Climate change activists would argue here that in ignoring the climate science, the current government is withdrawing protection from future generationsl to which they will be surely held accountable.

Could it be that the government itself that is promoting a medieval ignorance that disregards the strong public concern about climate change and fails to educate those who are apathetic about it?

There is a recent case of a Liberal government taking quite drastic action in protecting individuals from a dangerous climate change event. In fact, action was taken even against the will of those involved, with questionable legality.

The forced evacuations of people from their homes in the State Mine fire in NSW last October could in fact be held up as an example of the state depriving people of their liberty and being a clear arbiter of their beliefs.

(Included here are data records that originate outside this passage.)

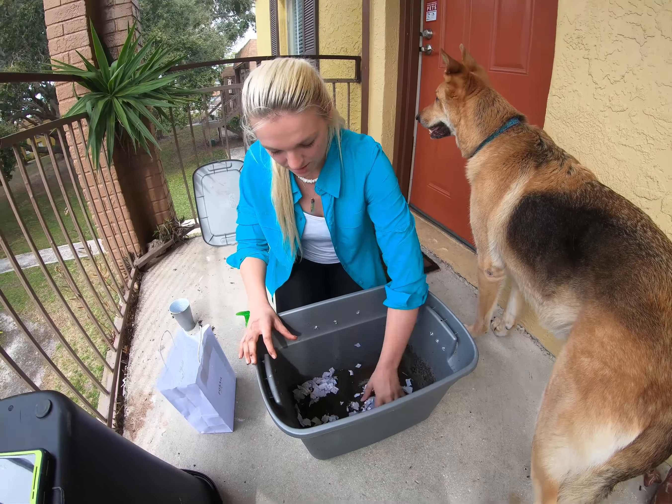Now that you've put together the perfect worm garden, let's start feeding them your food scraps. There is a link to a full list of what you should and should not feed your worms below, but I'm going to go over some of the basics. First, if you are keeping your garden inside, it is important to chop up your food scraps as much as you can. This will make it easier for the worms to eat and process the scraps.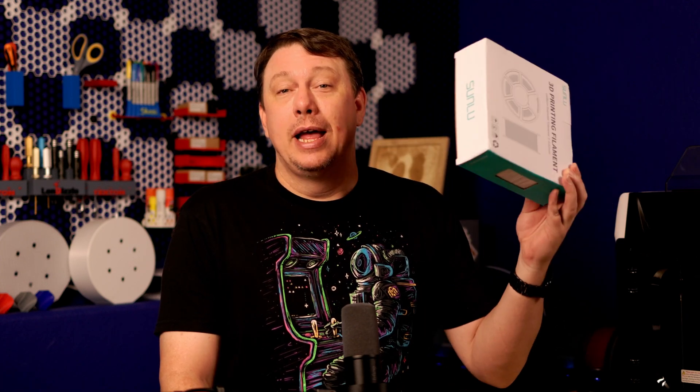So I reached out to Sunlue to see if they would send me some filament, and they actually sent me two different samples. You may have seen us use Sunlue filament in one of my tuning videos, but I haven't done a full review yet, so today I'm going to go over the Sunlue filament. They sent me two rolls in two different colors.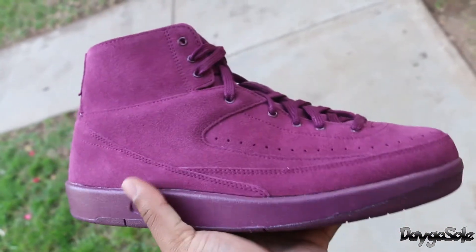Only thing is these are actually a size 11, and because they do not have the inner padding they are a little bit big, so I'm going to have to get rid of these and find a 10.5, which sucks. But alright guys, let's get into the shoe.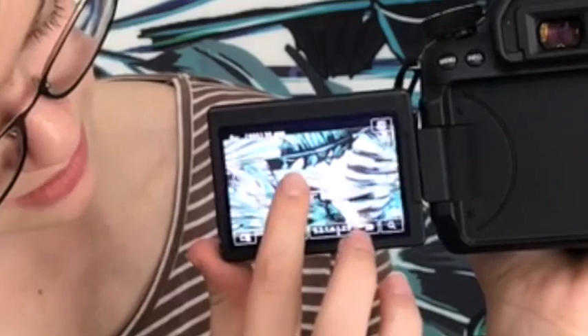It has a flip-out screen, and it can also flip around so that whenever I'm doing my YouTube videos I can see myself. And this right here — it's a touchscreen. It also has the ability — I don't know if you guys can see that — it gives you the ability to take a photo just by tapping the screen.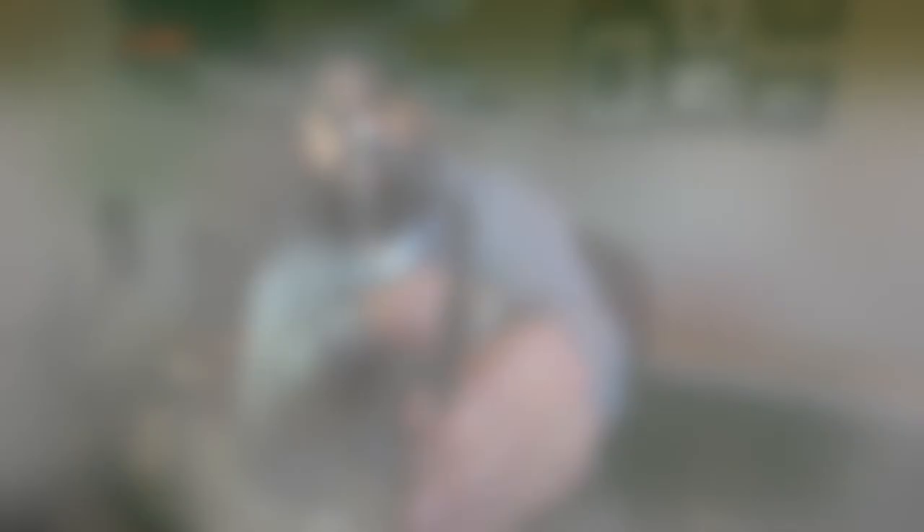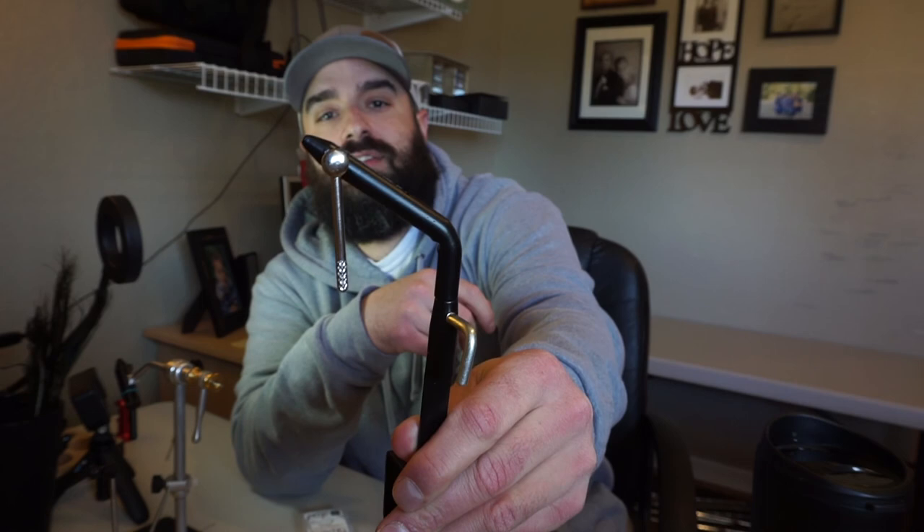Not everybody likes fly tying. I love it, but it's not everybody's cup of tea. Eventually you're probably going to want to invest in a nicer vise if you get into this, but you can get a vise going for six bucks. Whether it's you getting started or your kid getting started, buy a vise that does the job and will allow you to see if you even like it. I use this one for my kids now — I did a fly tying club at school. It's a great starter vise with a c-clamp that you can clamp on any typical size table. You spin this and it tightens down nice. My four-year-old was tying with a size four hook in here the other day and it held just fine.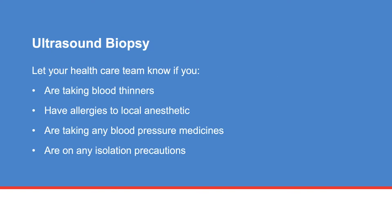If you are scheduled for a biopsy with your ultrasound scan, let your health care team know if you are taking blood thinners. You may be asked to stop taking these blood thinners for up to seven days before your scan. Ask your doctor if you should stop taking blood thinners.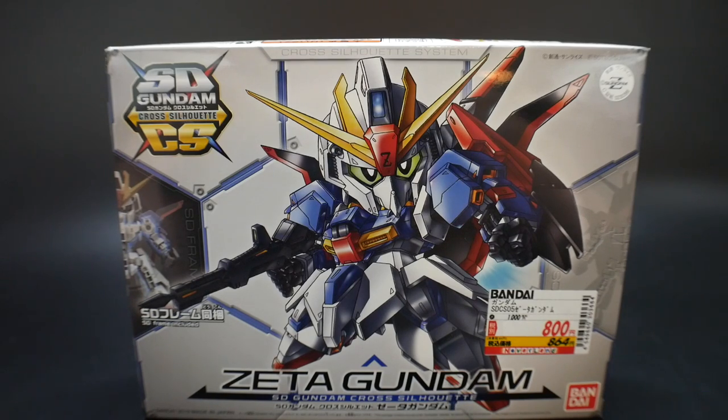Hello YouTube, this is Kroosama, and here I have for you today the SD Cross Silhouette Zeta Gundam. Now, I am a huge fan of the SD Cross Silhouette line.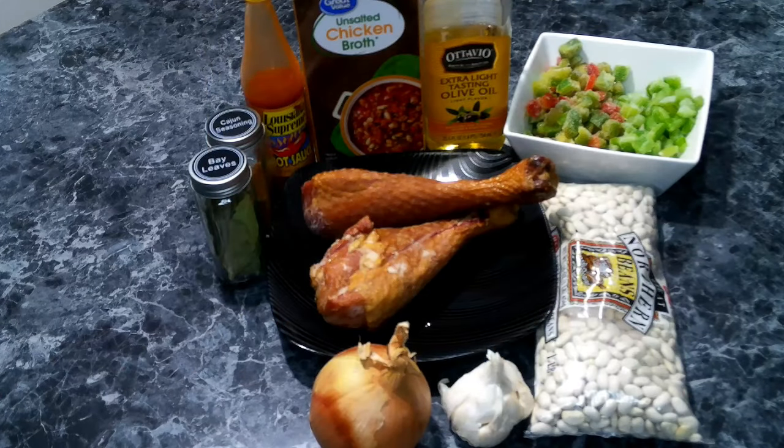For our white beans you're going to need the following: great northern beans, smoked turkey legs, vegetable oil, onion, celery, bell pepper, garlic, chicken broth, hot sauce, Cajun seasoning, and bay leaf.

The evacuations were to protect those people based on state authorities, who understood the risks and dangers involved. But these actions by the state actually disregarded the judgement of those at risk: it disregarded what they thought, their emotional attachment to their properties – and all based on the science of fire safety.

Welcome to the future.

Unfortunately, or perhaps fortunately, the state’s role in the public education of Australians about the risks of climate change will not be slow and incremental. Extreme weather events of enormous magnitude will impact Australian society so profoundly that the greatest civic education campaign this country has ever seen about mitigation and adaptation will suddenly be forced onto people, as if we are at war, and not with any apologies to John Stuart Mill.